When he stepped into my space, I didn’t back away. “Then why do you stay? I’ll tell you. Because it’s better than being out there. ”
“Is it?” he asked. “How would you know?”
I flushed at the implication that I was ignorant and inexperienced, but I didn’t back down. A Huntress wouldn’t. “If you had anything better waiting, you’d be long gone. You hate it here, and you hate all of us too. ”
“Not all of you. At least, not until today. ”
“Because of the brat. ”
“Get out,” he said, wheeling away from me. “I was stupid for thinking I could talk to you, for thinking you’d understand anything. ”
Grinding my teeth, I shoved through the curtain and out into the warren. A passing Builder leered at me. “You know you can get in trouble for visiting a boy’s personal space. But if you do something for me, I won’t tell anyone. ”

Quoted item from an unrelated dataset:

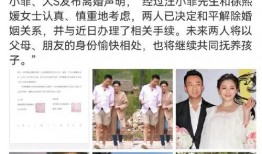 2024年度吃瓜娱乐圈,瓜田李下，明星风云录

Oh, not today. Yes, I’d broken a minor rule by going in without a chaperone, but I was in no mood for this. “I wasn’t in there long enough for anything to happen. If you shut up and walk away, right now, I won’t shove your nose through your face. ”
When I reached for my club, the boy ran. Apparently he had some brains. Sure, he’d probably report me, but it was my word against his. And since I was heading off for Nassau tomorrow—and might not make it back—minor disciplinary action for uncivil behavior didn’t bother me much.